Brief descriptive captions:

● ● ● ● ● ● ●

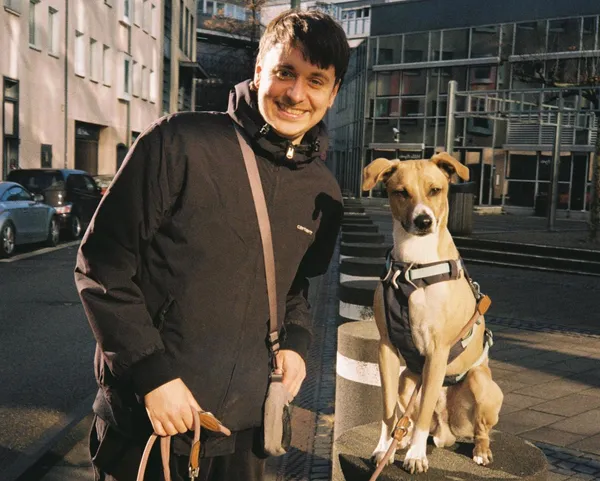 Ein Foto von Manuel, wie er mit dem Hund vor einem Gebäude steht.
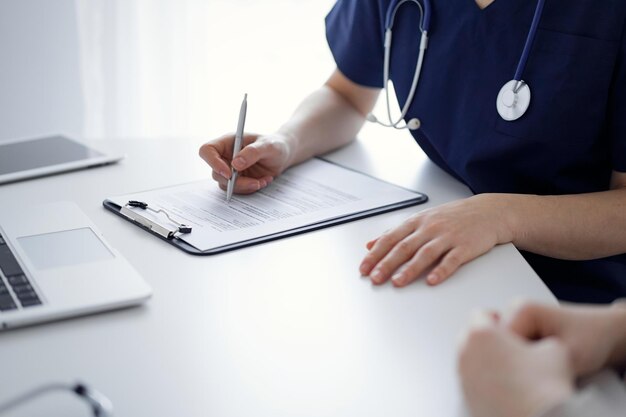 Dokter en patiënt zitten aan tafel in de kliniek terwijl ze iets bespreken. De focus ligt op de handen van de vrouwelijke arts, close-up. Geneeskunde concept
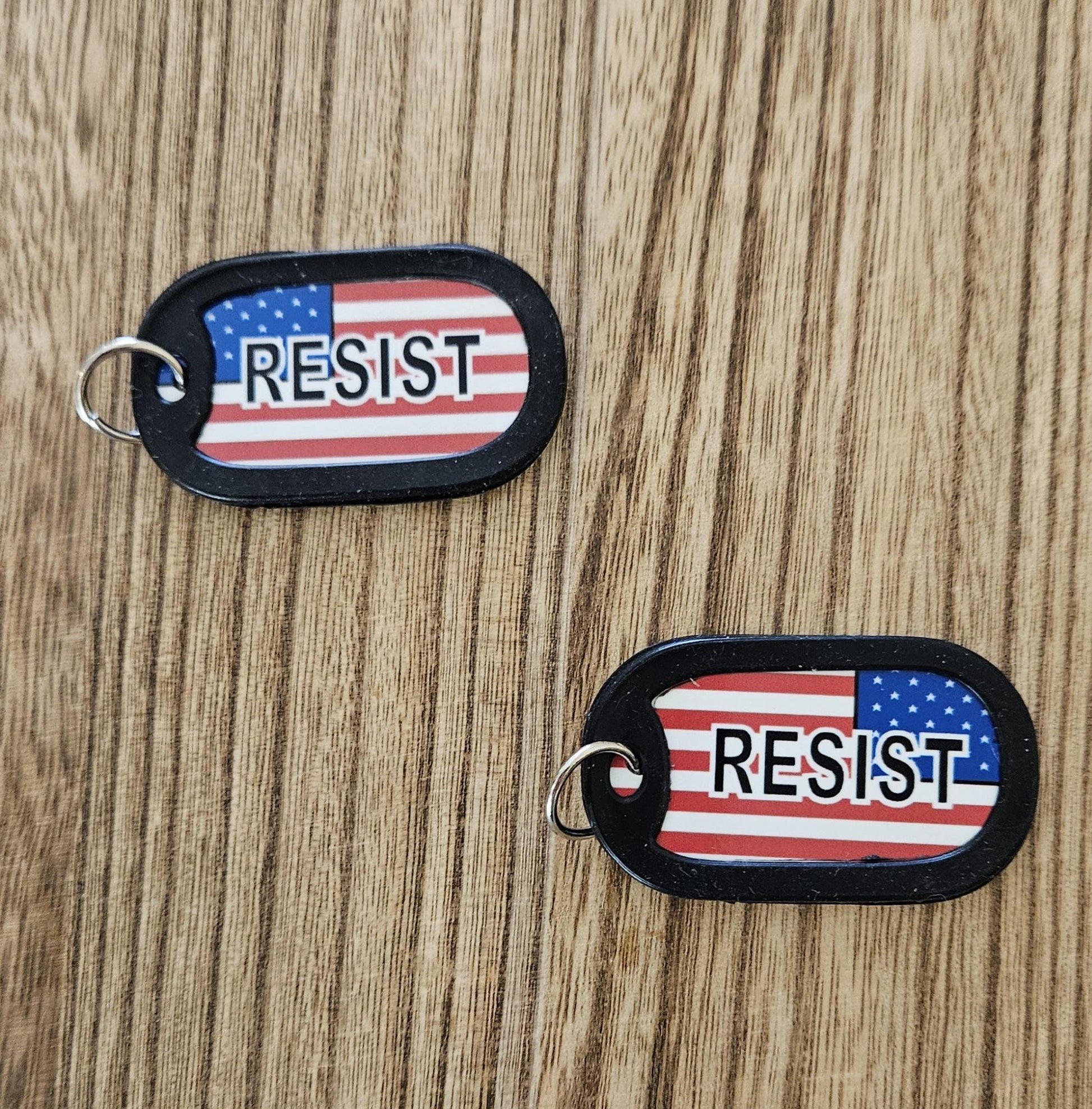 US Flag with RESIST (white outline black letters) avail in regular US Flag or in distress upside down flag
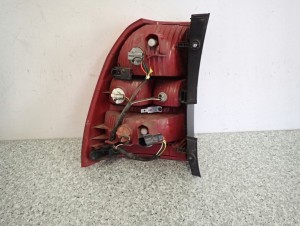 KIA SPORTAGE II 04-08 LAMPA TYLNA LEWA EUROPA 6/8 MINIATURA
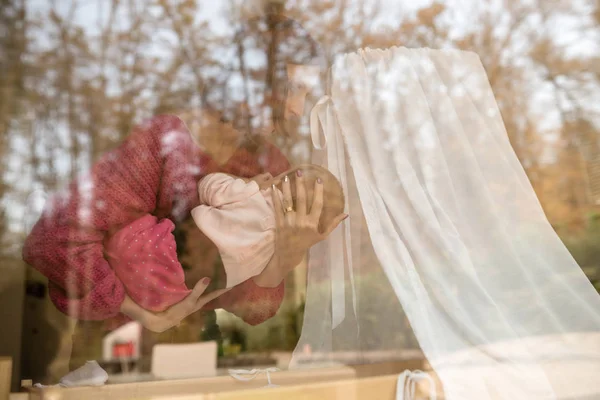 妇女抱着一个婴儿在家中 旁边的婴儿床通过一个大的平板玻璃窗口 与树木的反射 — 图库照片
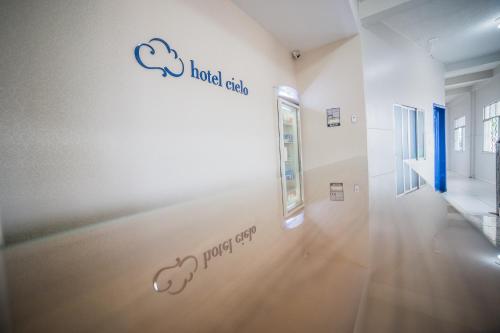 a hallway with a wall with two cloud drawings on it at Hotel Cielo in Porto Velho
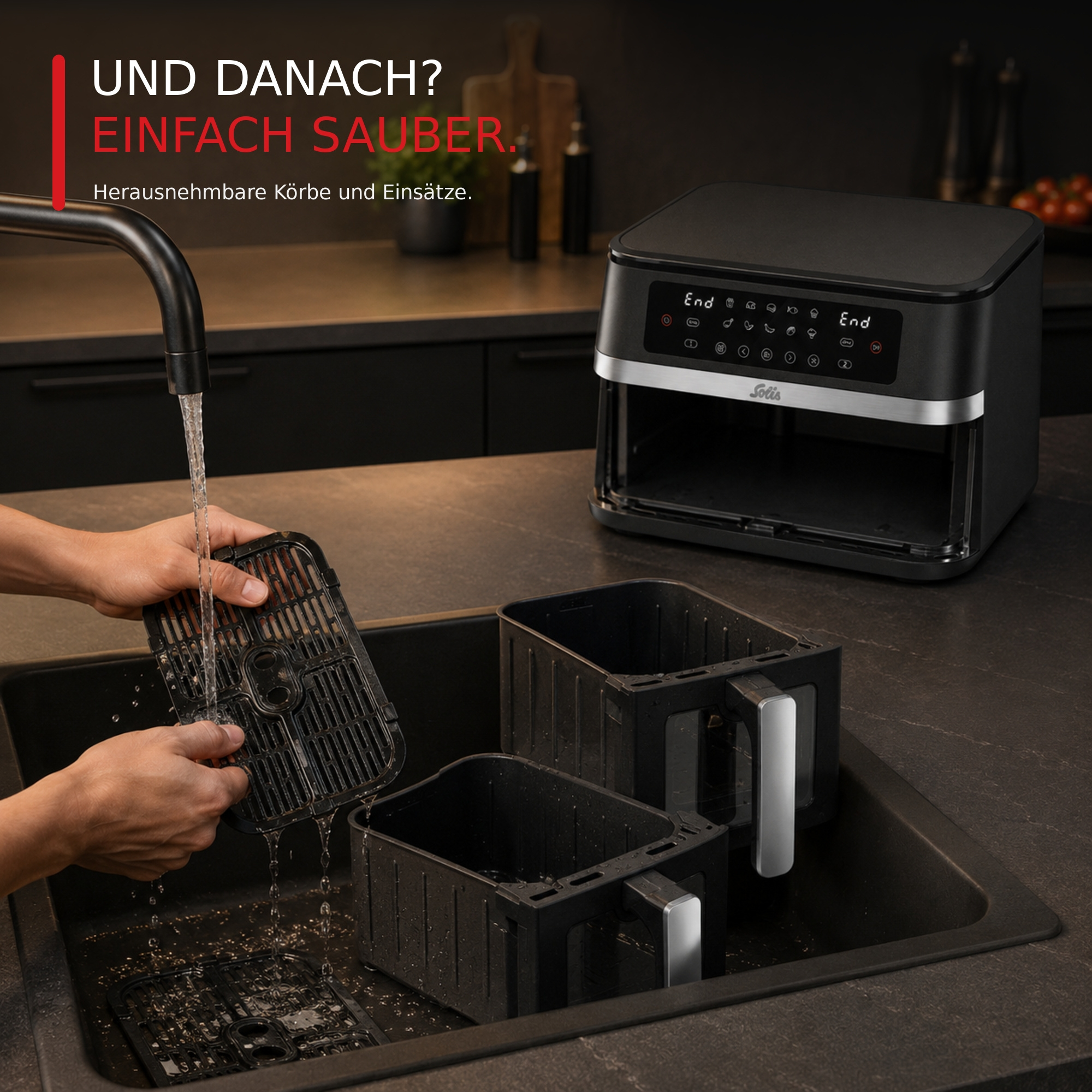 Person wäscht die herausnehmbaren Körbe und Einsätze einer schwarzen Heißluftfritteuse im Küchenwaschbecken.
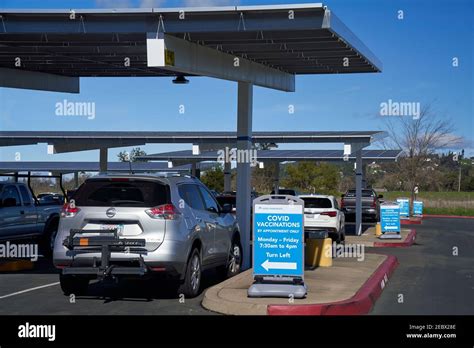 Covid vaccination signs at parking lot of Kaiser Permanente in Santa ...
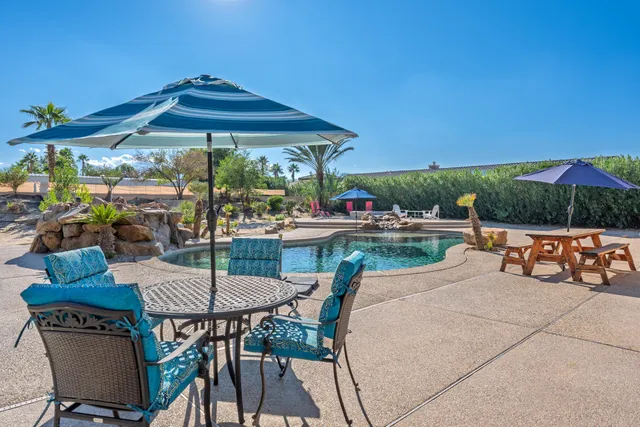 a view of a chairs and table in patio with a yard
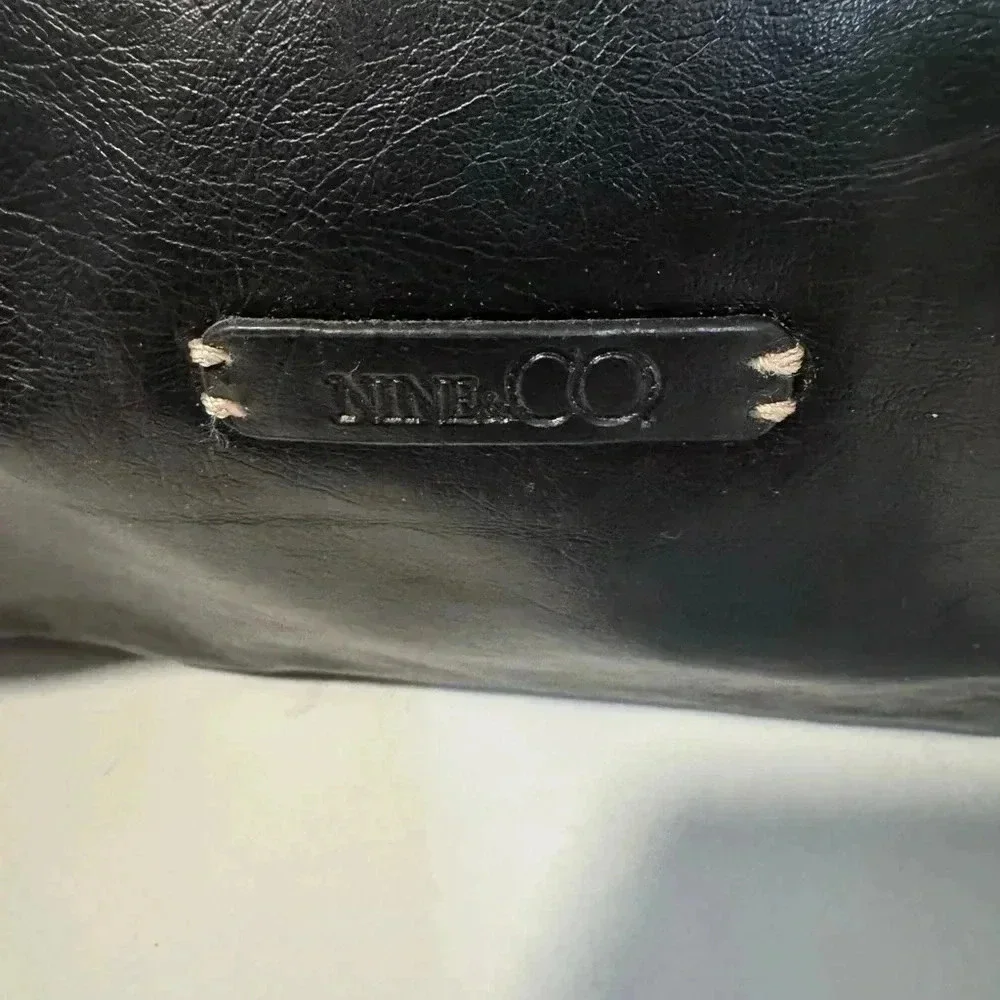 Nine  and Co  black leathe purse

● ● ● ● ● ● ●

→ What you will do:
Print nothing except the lines above from the one containing "Person wäscht die" down to the one containing "a view of a", both included, exactly as written and free of pictures.

→ Solution for this task:
 Person wäscht die herausnehmbaren Körbe und Einsätze einer schwarzen Heißluftfritteuse im Küchenwaschbecken.
 Covid vaccination signs at parking lot of Kaiser Permanente in Santa ...
 a view of a chairs and table in patio with a yard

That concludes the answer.